Bench 07-worker-hard-kill.mjs. 5,000 ms spin loop. 200 ms timeout. Late-marker file written after the loop completes. Timings are representative; the invariant is the marker-file result.

Implementation Settled at Late-marker file on disk

Main-thread AbortController.abort() t=5,001 ms (full duration) yes exists – the abort callback never even fired; the event loop was starved

offload({ timeout: "200ms" }) t=206 ms with TimeoutError no does not exist – and stays absent through an 800 ms grace window

Implementation	Settled at	Late-marker file on disk
Main-thread `AbortController.abort()`	t=5,001 ms (full duration)	yes exists – the abort callback never even fired; the event loop was starved
`offload({ timeout: "200ms" })`	t=206 ms with `TimeoutError`	no does not exist – and stays absent through an 800 ms grace window

The native baseline is the receipt for "AbortController cannot preempt a CPU loop." The body completed all 5 seconds and wrote the marker, and the setTimeout that was supposed to fire controller.abort() at 200 ms could not be delivered because the event loop never returned. The abort callback never ran.

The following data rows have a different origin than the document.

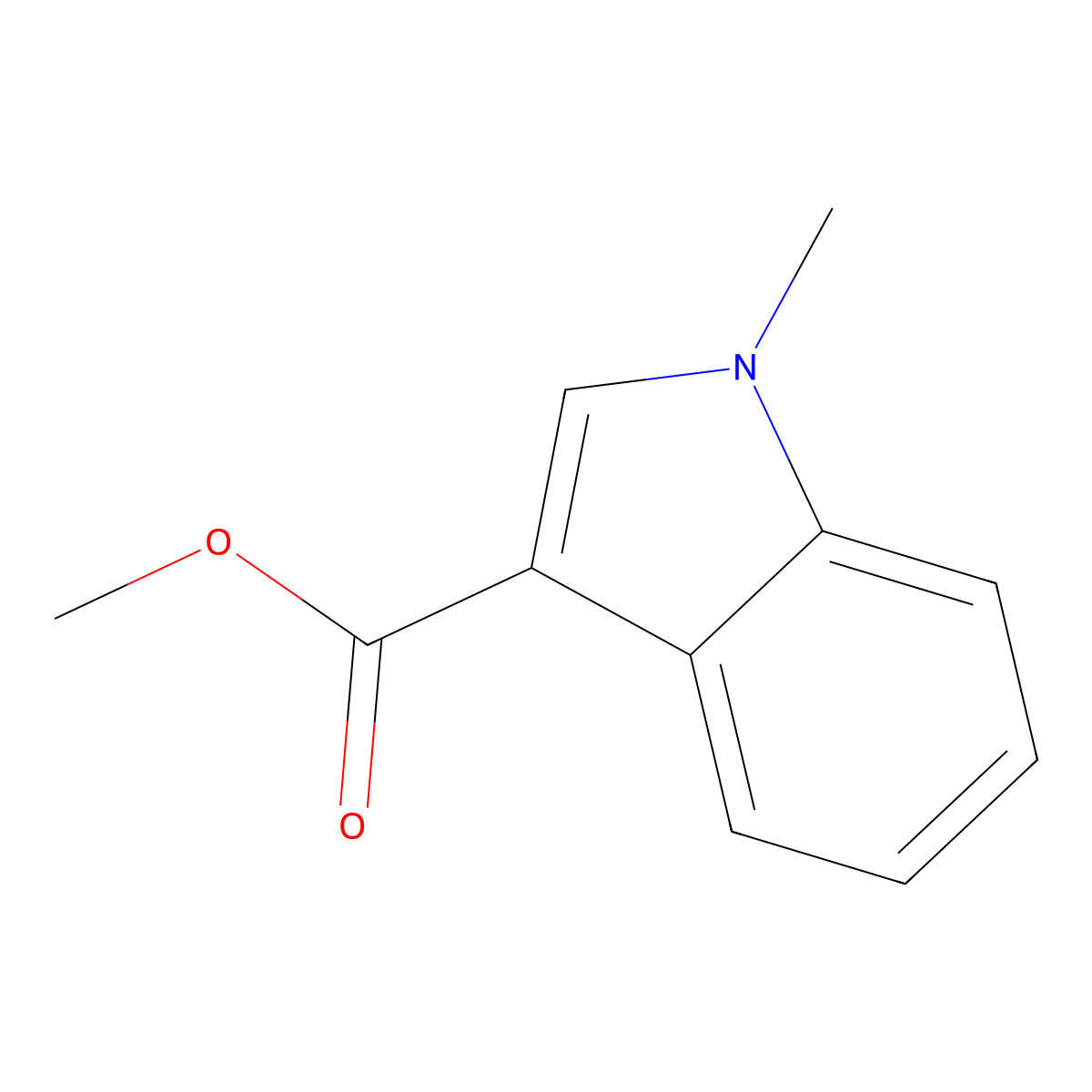 Methyl 1-methyl-1H-indole-3-carboxylate molecular structure, CAS 108438-43-3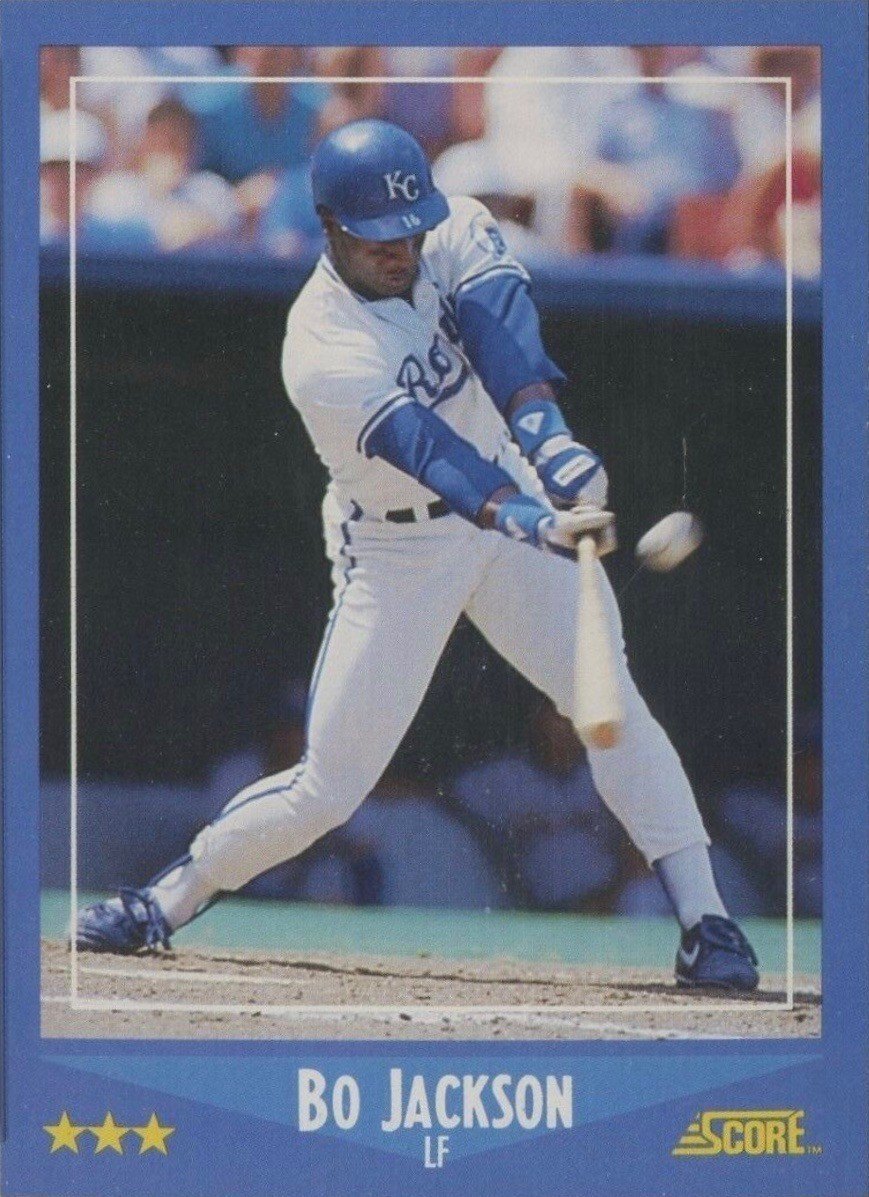 1988 Score #180 Bo Jackson Baseball Card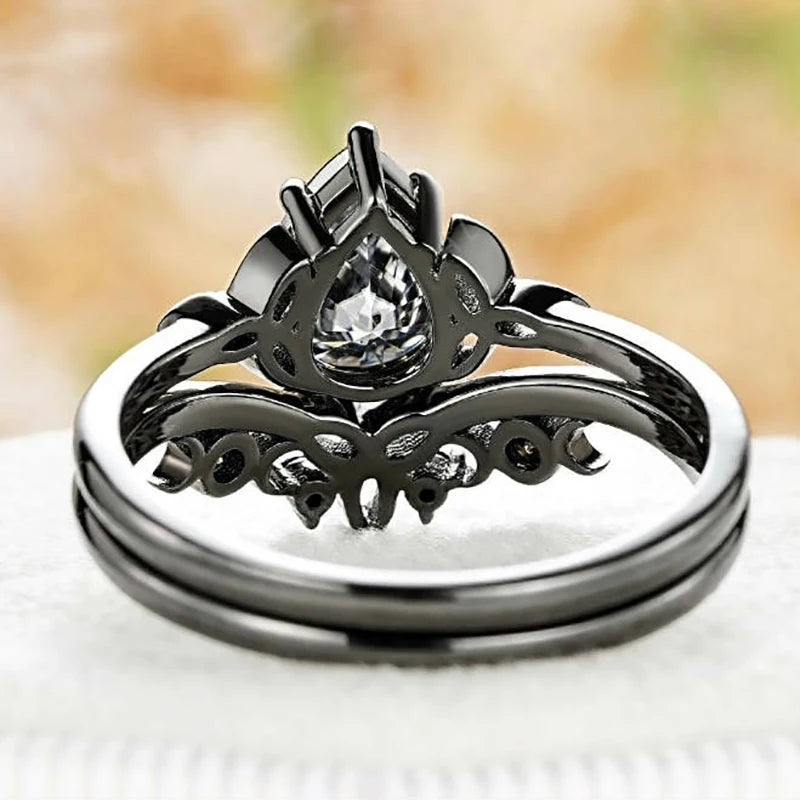 PENDRA Pear Cut Stackable Ring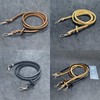 okuda-belt Kudu Genuine Leather 2-Way Neck Strap, Neck Holder, Negative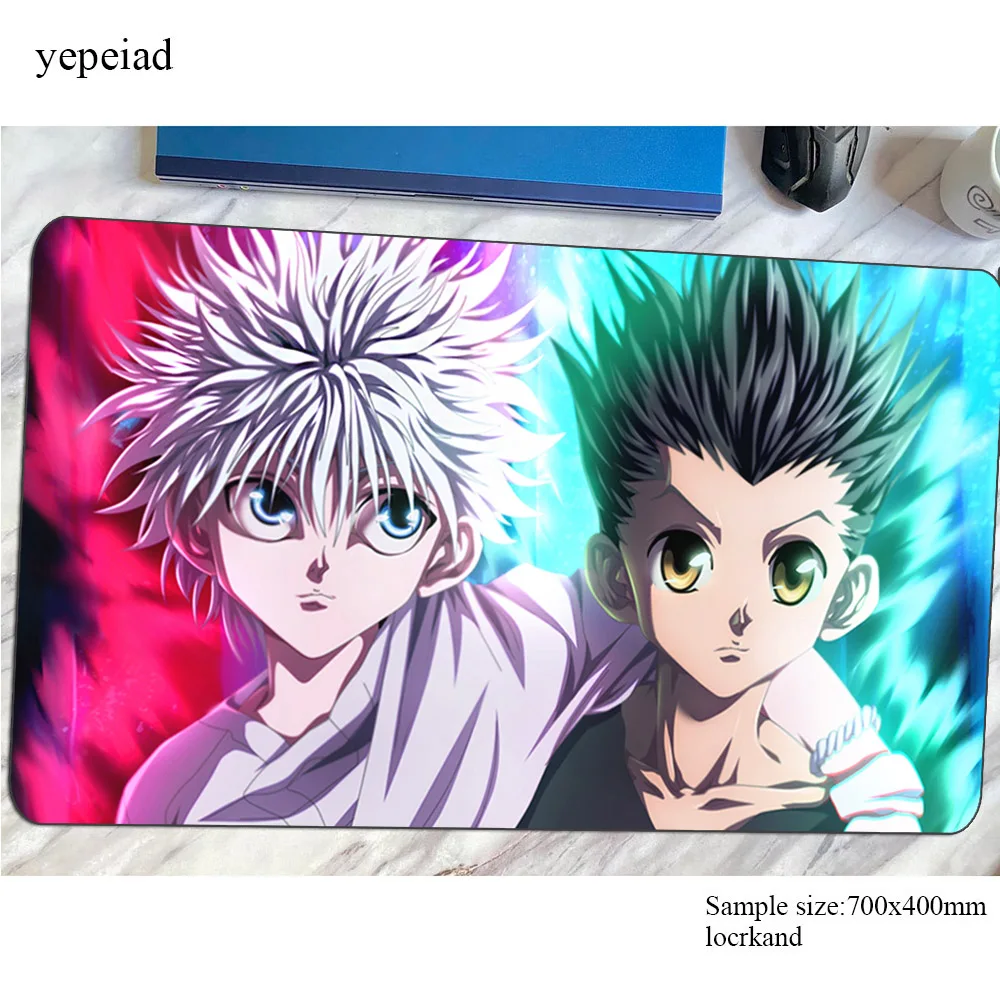 

hunter x hunter mousepad Gorgeous gaming mouse pad gamer mat 800x400x4mm game computer desk padmouse keyboard Cartoon play mats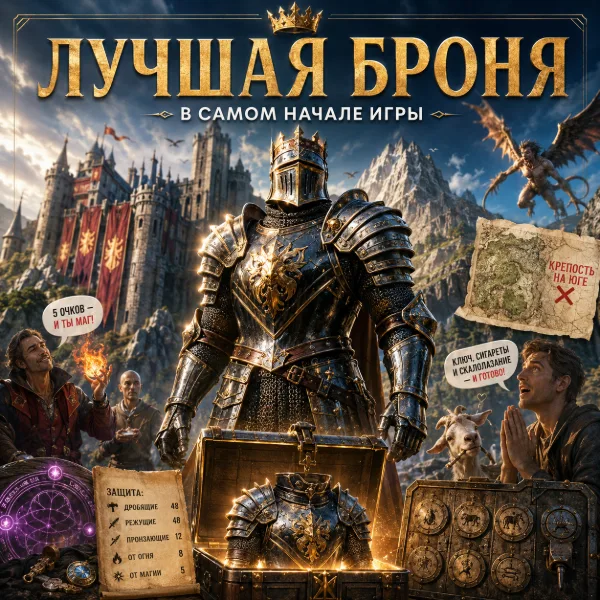 Обложка Где найти лучшую броню в Gothic 1 Remake: гайд по получению доспеха королевского стража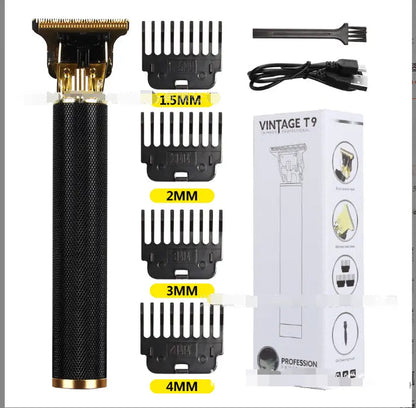 USB Rechargeable Vintage Electric Hair Trimmer WEM Support (www.WEM.support)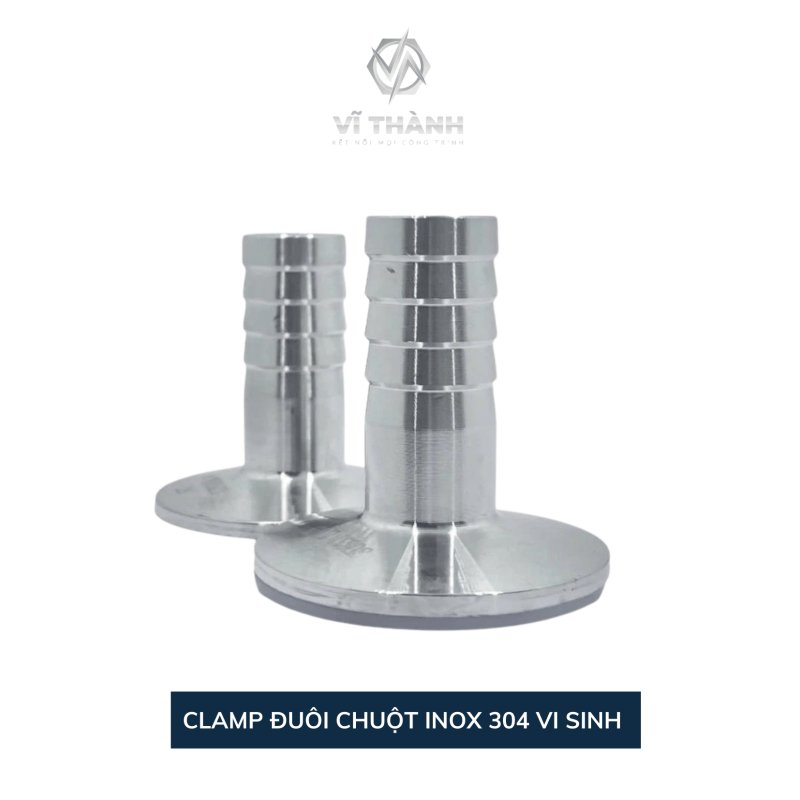 Clamp đuôi chuột inox 304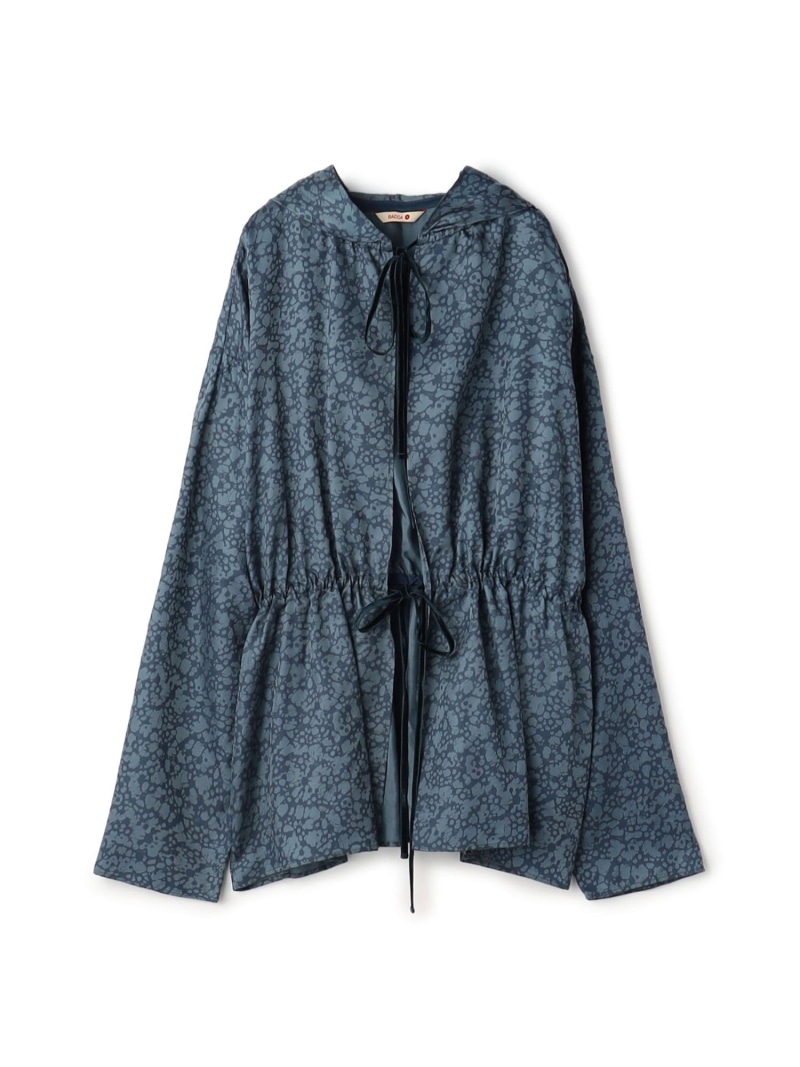 【SALE／50%OFF】キュプラインディゴプリント フーディブラウス BACCA トゥモローランド トップス シャツ・ブラウス ブルー【RBA_E】【送料無料】[ Fashion]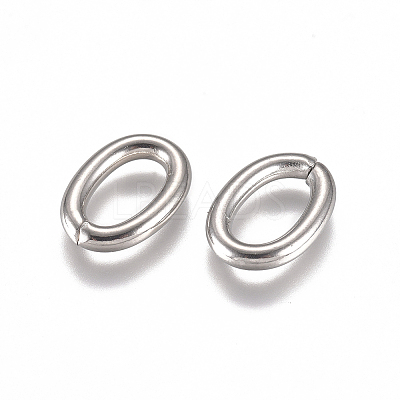 Tarnish Resistant 304 Stainless Steel Open Jump Rings X-STAS-L234-144F-1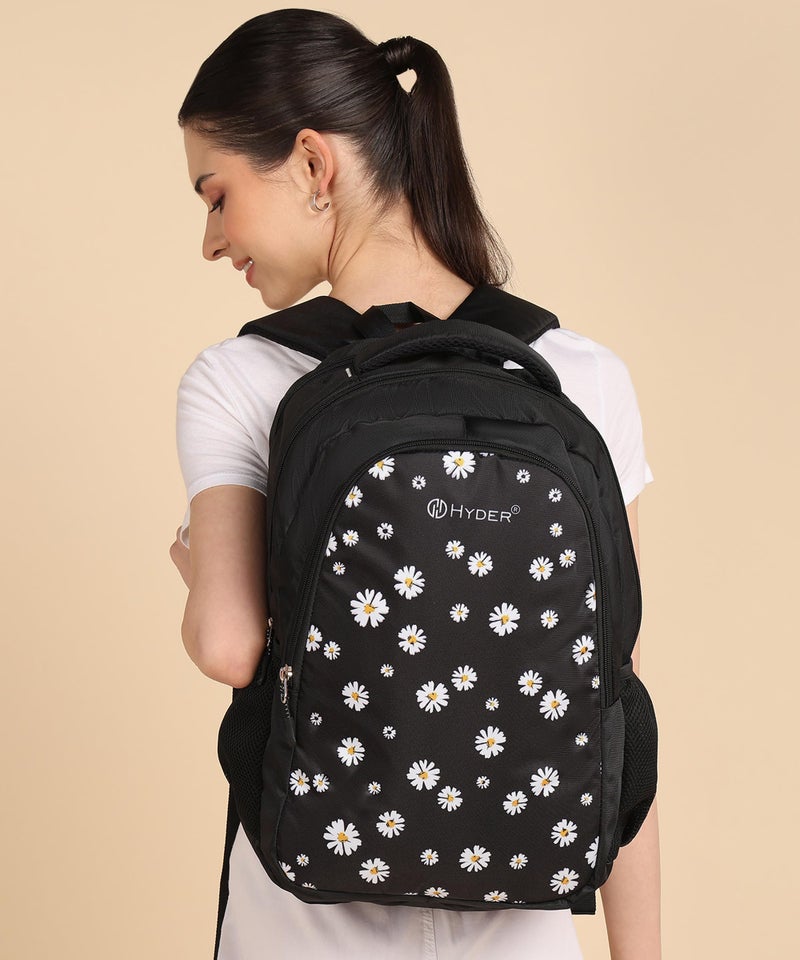 HYDER Bliss 30L Latest Cute and Stylish School Bag for Girls - Perfect for School, College, Office, Travel and Tution Durable School bags for Kids And Women | Perfect Girls Bag (Black) - Image 2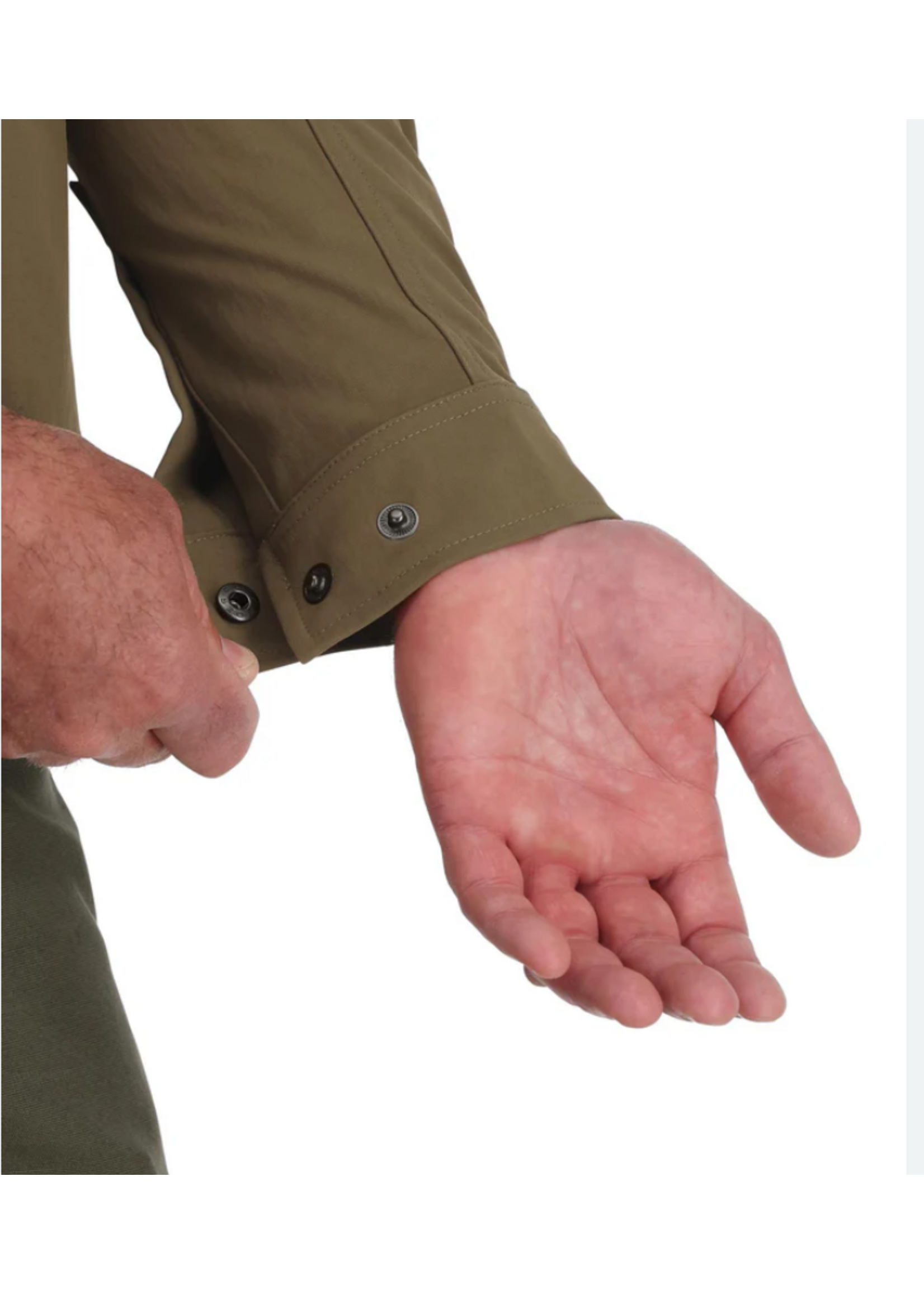 Men's Lodge Work Shirt Drifwood L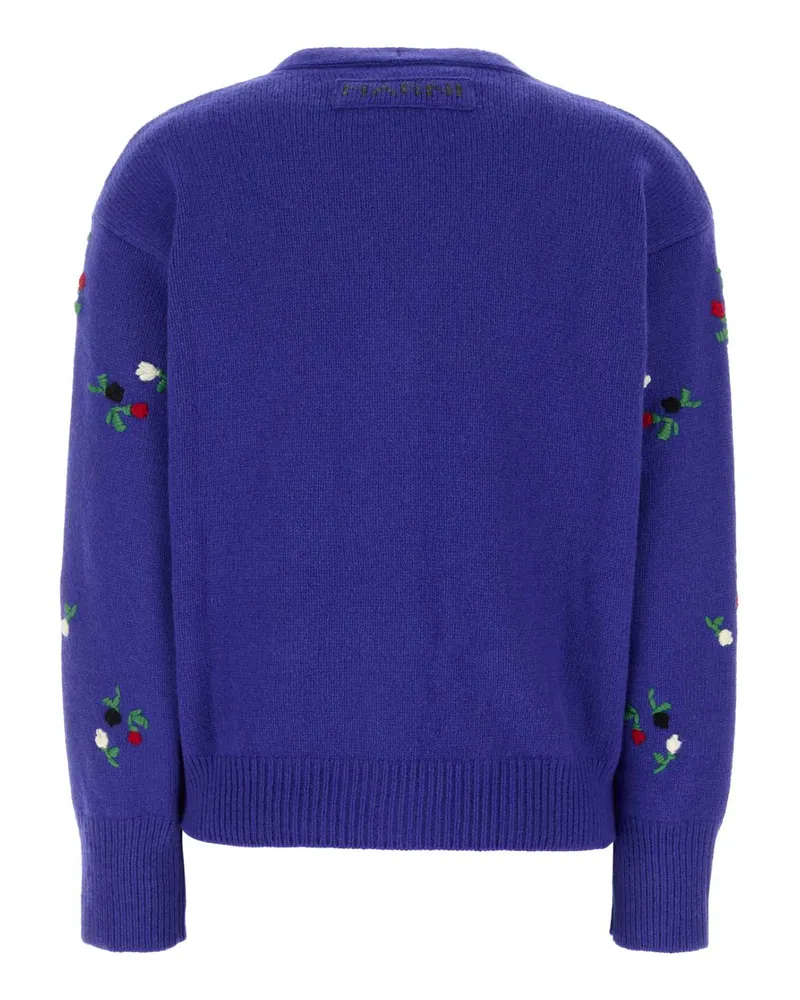 Marni Women's Blue Wool Blend Cardigan Bluette Maglieria Sweater Blue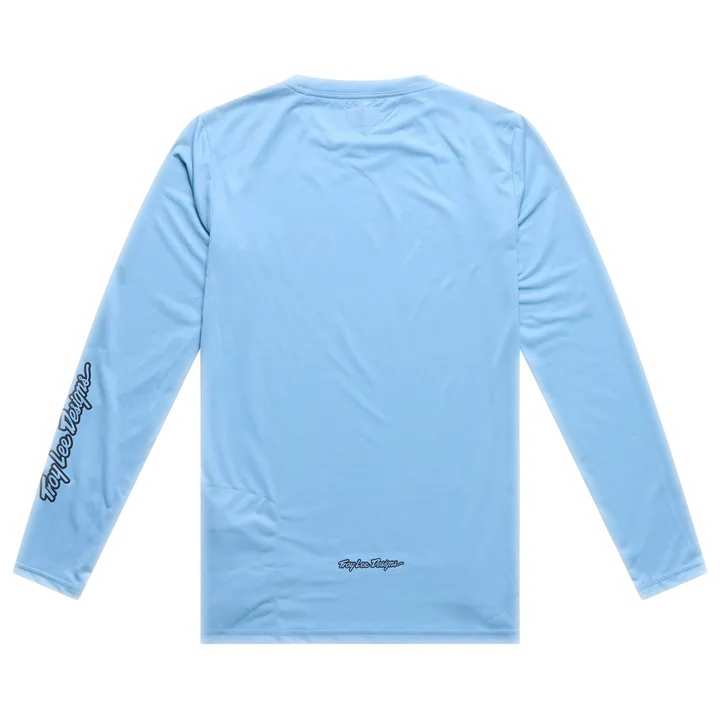Womens Lilium Pro Long Sleeve Jersey - Mono blue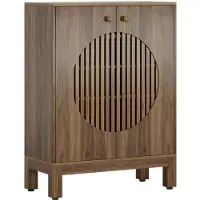 Mazazu Schoenenkast – Industrieel Design – Met Opbergvakken – Bruin – 73x35x101 cm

Layer 1 -- Cooperative cancellation, in-process

async function callTool(input, ctx) {
  ctx.signal.throwIfAborted();                              // explicit checkpoint
  const res = await fetch(url, { signal: ctx.signal });     // signal-aware
  ctx.signal.throwIfAborted();                              // checkpoint after I/O
  return res.json();
}

Cooperative cancellation works when the body checks the signal at safe points and the I/O it makes is signal-aware. WorkIt handles the checkpoints automatically through await boundaries inside run.retry, run.timeout, run.race, and the work() builder. You just have to thread ctx.signal into the I/O calls.

This works for 95% of code: HTTP, database, filesystem, streams, child processes, sleeps, channel sends. They all take an AbortSignal.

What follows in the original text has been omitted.